THE TASK -
The range runs from the line containing "Nos s&oelig;urs viennent" to the last line of the entries. Copy that range exactly, omitting pictures.

DATASET EXCERPTS -
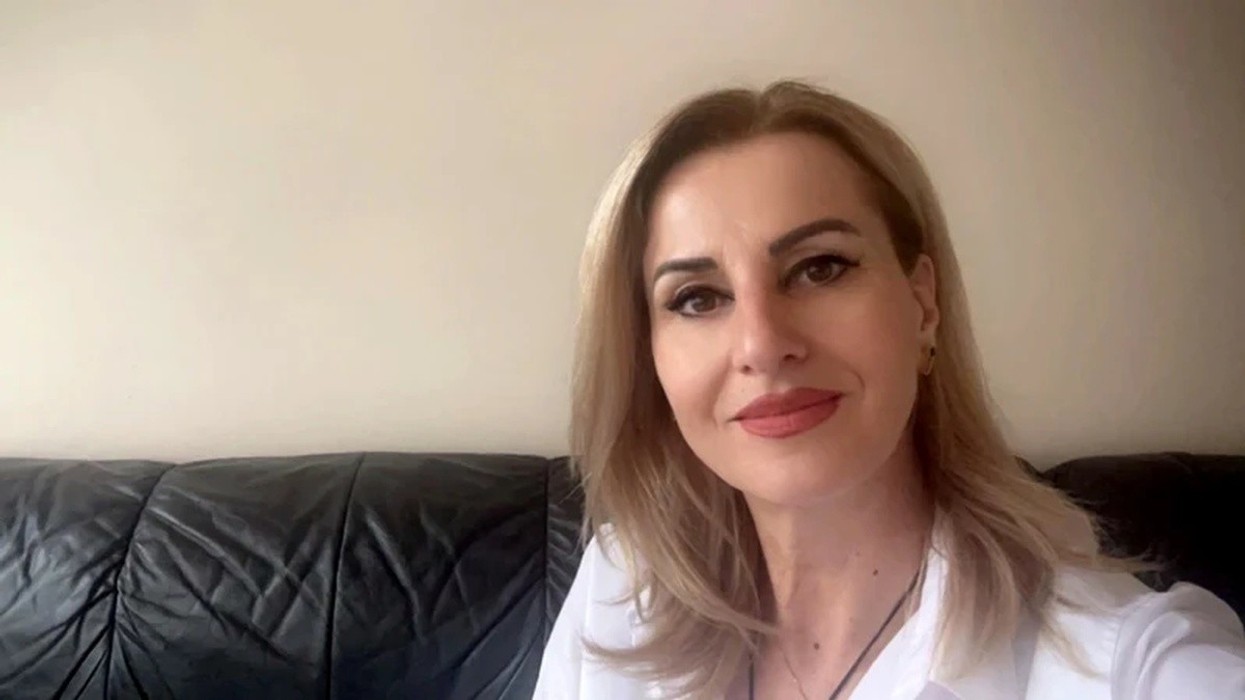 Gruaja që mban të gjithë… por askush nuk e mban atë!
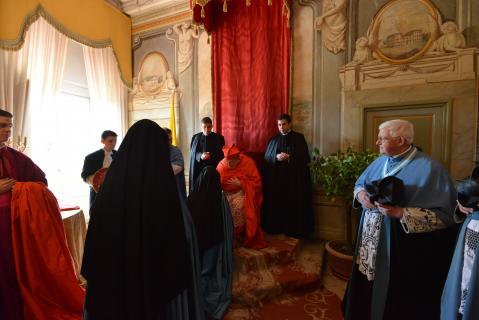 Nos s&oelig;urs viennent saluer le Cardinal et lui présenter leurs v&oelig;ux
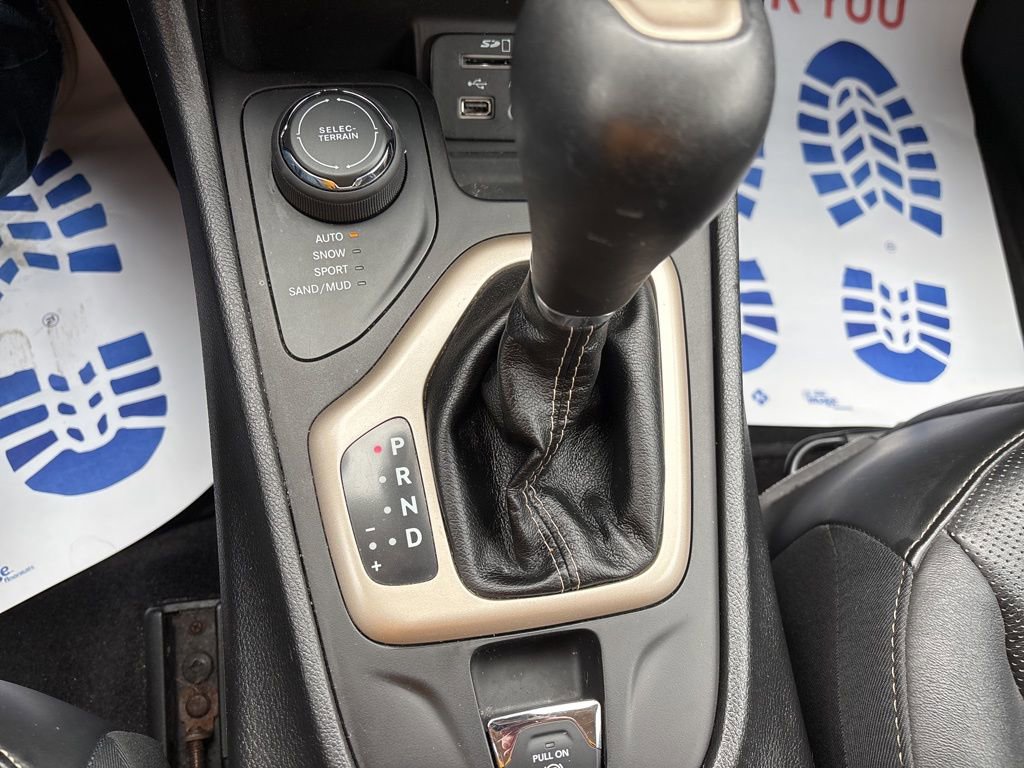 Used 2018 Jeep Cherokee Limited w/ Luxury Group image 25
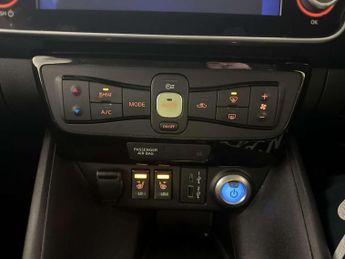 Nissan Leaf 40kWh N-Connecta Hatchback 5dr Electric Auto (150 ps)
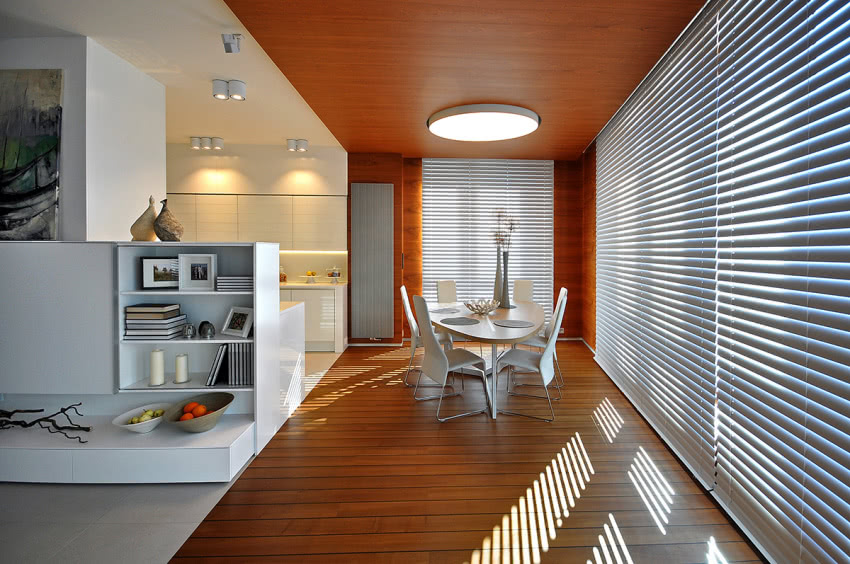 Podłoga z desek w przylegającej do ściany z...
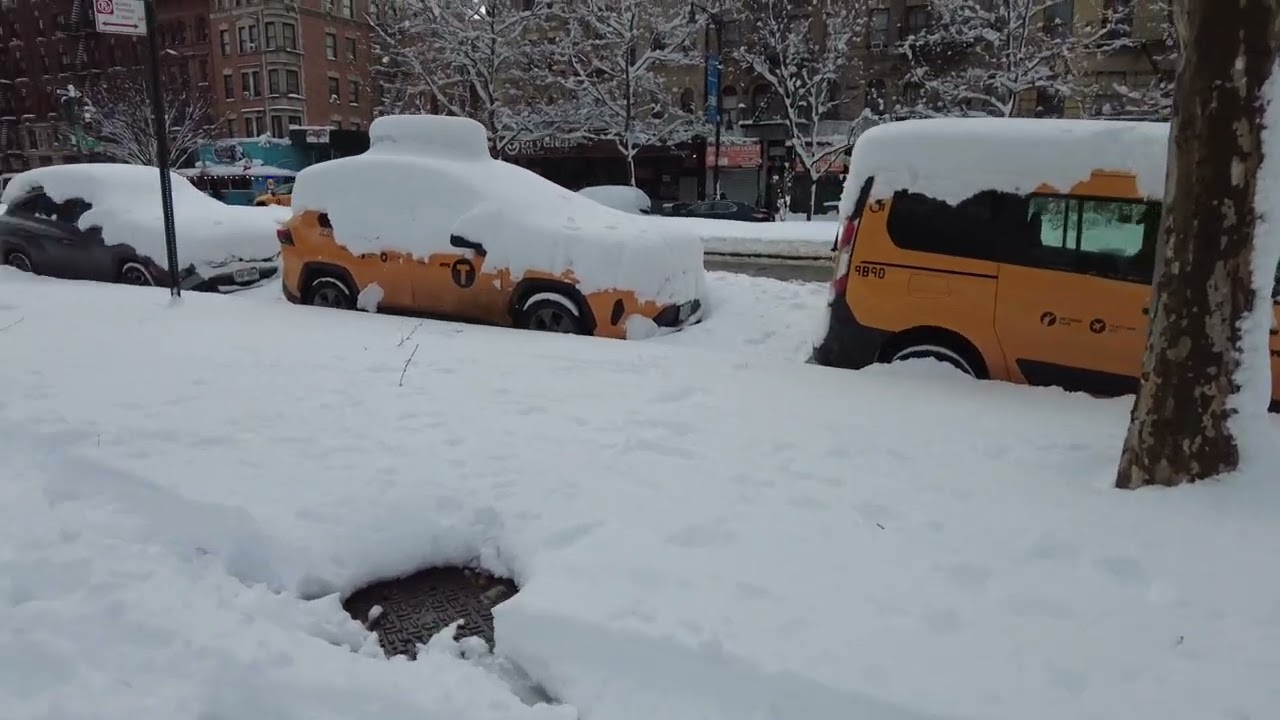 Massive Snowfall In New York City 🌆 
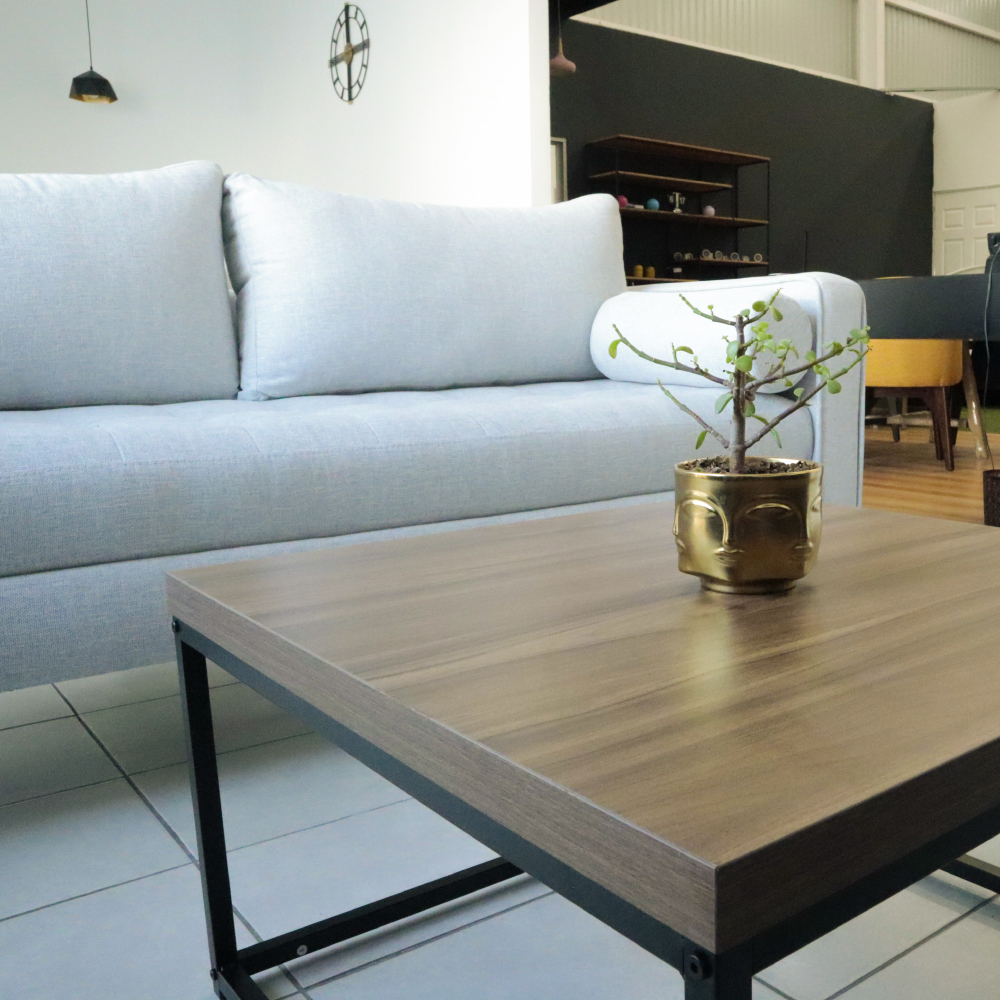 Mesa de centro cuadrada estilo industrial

FINISHED TASK -
 Nos s&oelig;urs viennent saluer le Cardinal et lui présenter leurs v&oelig;ux
 Used 2018 Jeep Cherokee Limited w/ Luxury Group image 25
 Nissan Leaf 40kWh N-Connecta Hatchback 5dr Electric Auto (150 ps)
 Podłoga z desek w przylegającej do ściany z...
 Massive Snowfall In New York City 🌆 
 Mesa de centro cuadrada estilo industrial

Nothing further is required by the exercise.